Sheesh. There's a nice hiragana table on Wikipedia at http://en.wikipedia.org/wiki/Hiragana
On Sat, Jul 12, 2008 at 8:16 PM, Ken Arromdee arromdee@rahul.net wrote:
Sheesh. There's a nice hiragana table on Wikipedia at http://en.wikipedia.org/wiki/Hiragana
But Wikipedia's not a reliable source!
On Sat, 12 Jul 2008, Chris Howie wrote:
Sheesh. There's a nice hiragana table on Wikipedia at http://en.wikipedia.org/wiki/Hiragana
But Wikipedia's not a reliable source!
I have a book "Webster's New World Compact Japanese Dictionary" which has a kana table on the last two pages before the dictionary section.

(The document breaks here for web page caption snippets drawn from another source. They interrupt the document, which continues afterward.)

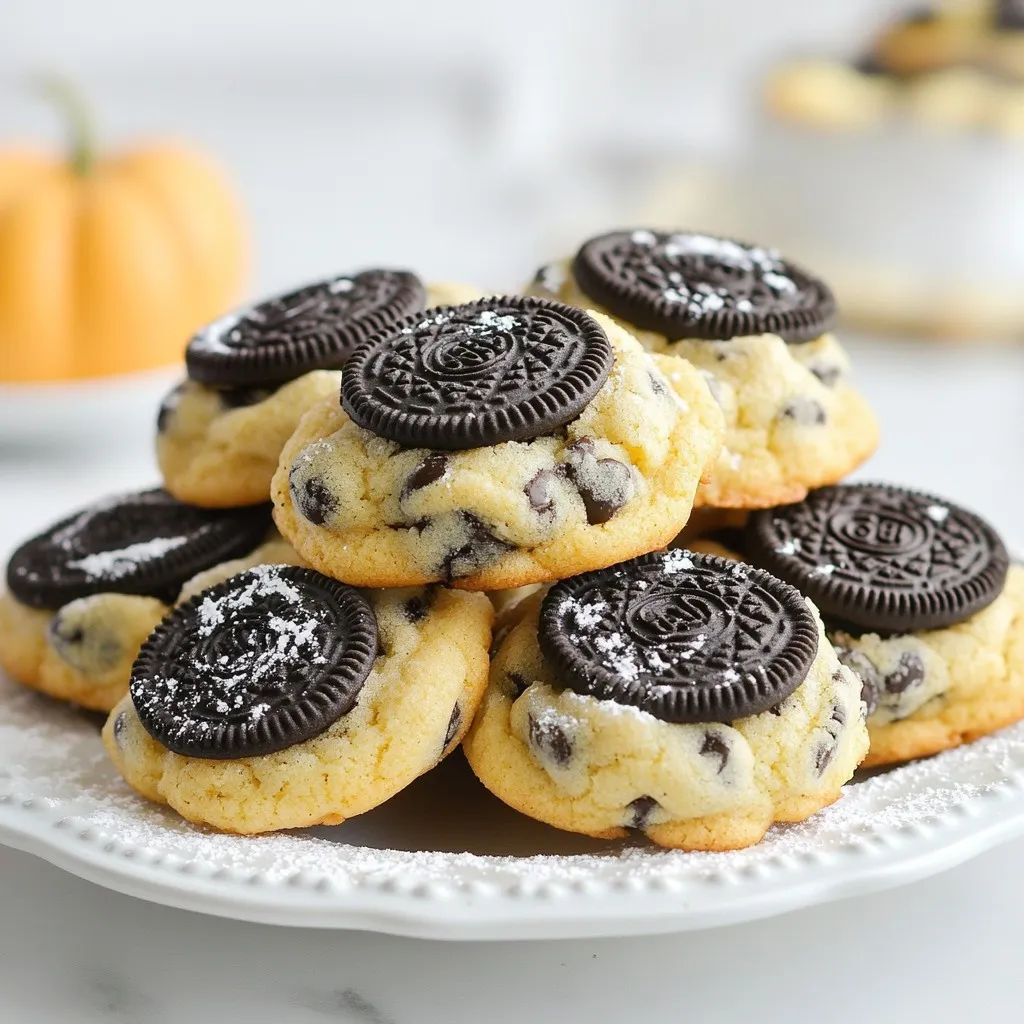 - 1 cup unsalted butter, softened - 1 cup brown sugar, packed - 1/2 cup granulated sugar - 2 large eggs - 2 teaspoons vanilla extract - 3 cups all-purpose flour - 1 teaspoon baking soda - 1/2 teaspoon salt - 1 cup chocolate chips - 1 package Halloween-themed Oreo cookies (about 15 cookies) - 1/2 cup Halloween sprinkles (optional) You can change the base of these cookies. Try using peanut butter or almond butter for a twist. If you want to keep it classic, use regular Oreos or even mint-flavored ones for a fresh taste. Want to add more fun? Try different types of Oreos. Pumpkin spice, mint, or even the golden variety will work. Each will give your cookies a new flavor and feel. Just remember to adjust the sweetness if your Oreo choice is sweeter than regular ones. {{ingredient_image_1}} First, you need to preheat your oven to 350°F (175°C). This step is key for even baking. While that heats up, line a baking sheet with parchment paper. This will keep your cookies from sticking. Next, grab a large mixing bowl. Cream together 1 cup of softened unsalted butter, 1 cup of packed brown sugar, and 1/2 cup of granulated sugar. Mix until the mixture is light and fluffy. This will take about 2-3 minutes. After that, add 2 large eggs, one at a time. Then, mix in 2 teaspoons of vanilla extract. Make sure everything blends well. In a separate bowl, whisk together 3 cups of all-purpose flour, 1 teaspoon of baking soda, and 1/2 teaspoon of salt. This mix helps the cookies rise and gives them a good texture. Gradually add this dry mix to your wet ingredients. Stir until just combined; you don’t want to overmix. Now, gently fold in 1 cup of chocolate chips. If you like, add 1/2 cup of Halloween sprinkles for extra fun. This will make your cookies festive and colorful. To stuff the cookies, take about 2 tablespoons of dough and flatten it in your palm. Place one Halloween Oreo in the center. Wrap the dough around the Oreo, sealing it completely. This step is essential for keeping the Oreo hidden inside. Place the stuffed cookie dough balls on your prepared baking sheet. Leave about 2 inches between each ball. Bake them for 10-12 minutes. The edges should be golden brown, but the centers should still be soft. After baking, let the cookies cool on the sheet for 5 minutes. Then, transfer them to a wire rack to cool completely. Enjoy your Halloween Oreo stuffed cookies as a perfect treat! To make great cookies, pay attention to the baking time. Here are some key points: - Even Baking: Use an oven thermometer to check your oven's temperature. Hot spots can burn some cookies while others stay raw. Rotate the baking sheet halfway through for even cooking. - Soft Centers: Take the cookies out when the edges are golden. The centers may look soft, but they will firm up as they cool. This will give you that perfect chewy bite. Make your Halloween Oreo stuffed cookies look festive! Here are some fun ideas: - Themed Decorations: Use Halloween sprinkles to add color. You can also drizzle melted chocolate over the cookies for a spooky touch. Try using white chocolate for a ghostly look. - Presentation Tips: Arrange cookies on a spooky-themed platter. Dust with powdered sugar for a ghostly effect. Serve them with a glass of cold milk for a spooky treat that kids and adults will love! Pro Tips Chill the Dough: For thicker cookies, chill the cookie dough for at least 30 minutes before baking. This helps the cookies maintain their shape and prevents them from spreading too much. Use Fresh Ingredients: Make sure your baking soda is fresh for the best rise. Old baking soda can lead to flat cookies that lack the desired texture. Perfect Baking Time: Keep an eye on the cookies as they bake; they should be slightly underbaked when you take them out. They will continue to cook on the baking sheet after being removed from the oven. Creative Fillings: Experiment with different Oreo flavors or even other sandwich cookies for a unique twist. Red Velvet Oreos or Pumpkin Spice Oreos can add a fun seasonal flavor! {{image_2}} You can change the flavor of your Halloween Oreo stuffed cookies easily. Try using different flavored Oreos. For example, mint, peanut butter, or even pumpkin spice can add a fun twist! Each flavor brings its own taste, making your cookies unique. You can also include extra mix-ins. Chopped nuts like walnuts or pecans add crunch. Small candies like M&M's or Reese's Pieces can add color and flavor. Just remember to keep the total amount of mix-ins balanced. Too many will make the dough hard to work with. If you need gluten-free options, use gluten-free flour. Many brands offer great blends that work well in cookies. You can also find gluten-free Oreos, so you won’t miss out on the fun. For vegan adaptations, swap the butter for coconut oil or vegan butter. Use flax eggs instead of regular eggs. Just mix one tablespoon of ground flaxseed with three tablespoons of water. Let it sit for 5 minutes to thicken. You can also choose dairy-free chocolate chips to keep it vegan. Enjoy these tasty treats without worry! To keep your Halloween Oreo stuffed cookies fresh, store them in an airtight container. This keeps the cookies soft and tasty. Place parchment paper between layers to avoid sticking. If you want to store them longer, freezing is a good option. You can freeze the cookie dough before baking. Scoop the dough balls and place them on a baking sheet. Freeze them until solid, then transfer to a bag. This way, you can bake fresh cookies anytime! If you have leftover baked cookies, you can freeze those too. Wrap each cookie in plastic wrap and place them in a freezer bag. This will help keep them fresh for later. Halloween Oreo stuffed cookies last about a week on the counter. Keep them in a cool, dry place. If you store them in the fridge, they can last up to two weeks. Check for any hard spots or changes in smell. If the cookies feel dry or crumbly, it’s best to toss them. Always trust your senses; if they don't smell right, don’t eat them! Can I use regular Oreos instead of Halloween-themed ones? Yes, you can use regular Oreos. The taste stays the same, and you still get a fun cookie. Halloween-themed Oreos just add a festive touch. How do I make the cookies less sweet? To lower the sweetness, use less brown sugar. You can cut it by a third. You might also skip the optional Halloween sprinkles. This helps keep the flavor balanced. What if I don’t have chocolate chips? What can I substitute? If you lack chocolate chips, try using chopped nuts or mini marshmallows. These can add fun flavors. You can also use other types of candy, like M&M's or peanut butter chips. What to do if the cookies are too flat? Flat cookies may mean your dough is too soft. Chill the dough for 30 minutes before baking. This helps the cookies hold their shape. Make sure you measure the flour correctly, too. How to fix dough that is too crumbly? Crumbly dough can be fixed by adding a bit of milk. Start with a tablespoon and mix well. If it still crumbles, add one more tablespoon. This makes the dough easier to work with. This blog covered how to make Halloween Oreo stuffed cookies, featuring fun ingredients and tips. You learned about the key ingredients, mixing and baking techniques, and creative decoration ideas. Don't forget variations for tastes and dietary needs. Store your cookies for freshness and enjoy your treats for days. Baking should be fun and rewarding, so enjoy the process and share your creations!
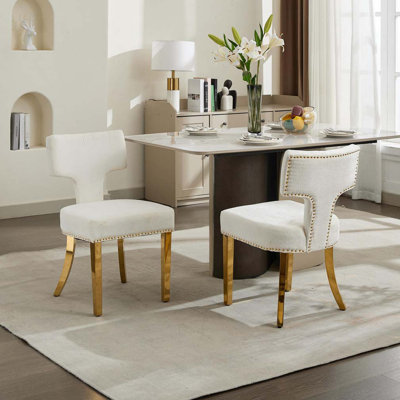 Farmhouse Chenille Fabric Upholstered Dining Chairs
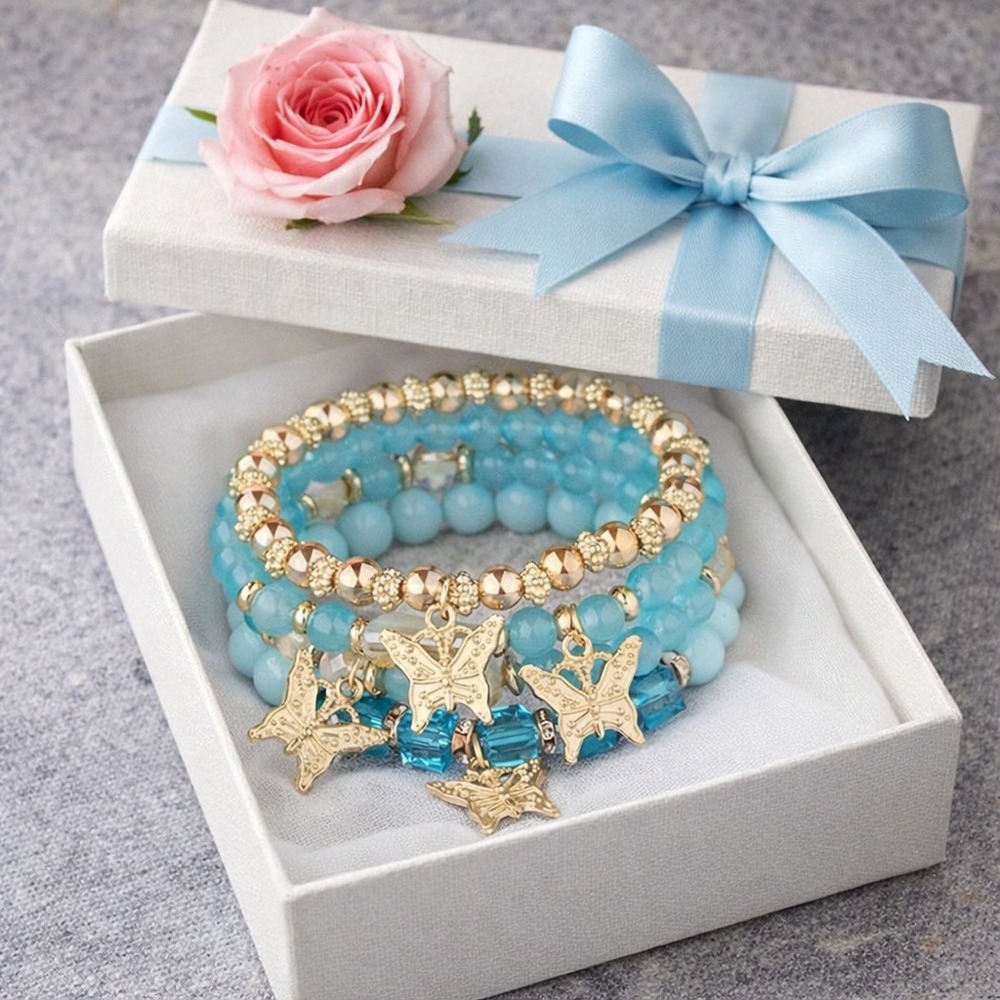 Bracelet Teal Green Butterfly Pendants Charms Bohemian Style 4pcs  Rope Bracelet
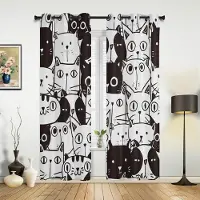 Household supplies MH Tecknad Katt Enkla Husdjursfönstergardiner Hemdekoration Vardagsrumsgardiner Barnrumsdraperier Cortinas För Kök Sovrum 135W x 60H(cm) x1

The ISBN is 0-671-55159-0. That's the closest I can get without a trip to the library (since the dictionary doesn't specifically mention use of the small 'tsu'.)
Besides, remember that WJohnson claimed that he was not specifically saying I have no source that's reliable by the Wikipedia definition, but rather that I had no source of any type.
But this is an excellent example of filibustering via insincere request for sources. Sources should be requested when you really doubt that the source exists. They should not be requested when you have no doubts, but you want to exhaust the other guy's patience in the hope that he'll go away. Unfortunately, that's how the request for sources is often used.
I could easily do the same thing for a statement that the number of vowels in "apple" is a prime number. "Give me a source stating that 2 is prime. Okay, now give me a source showing how you count numbers, since I'm not going to take your word that "1, 2" is the correct way to count. Now give a source stating that 'a' is a vowel and remember you can't use Wikipedia or an encyclopedia or any web pages created by non-experts."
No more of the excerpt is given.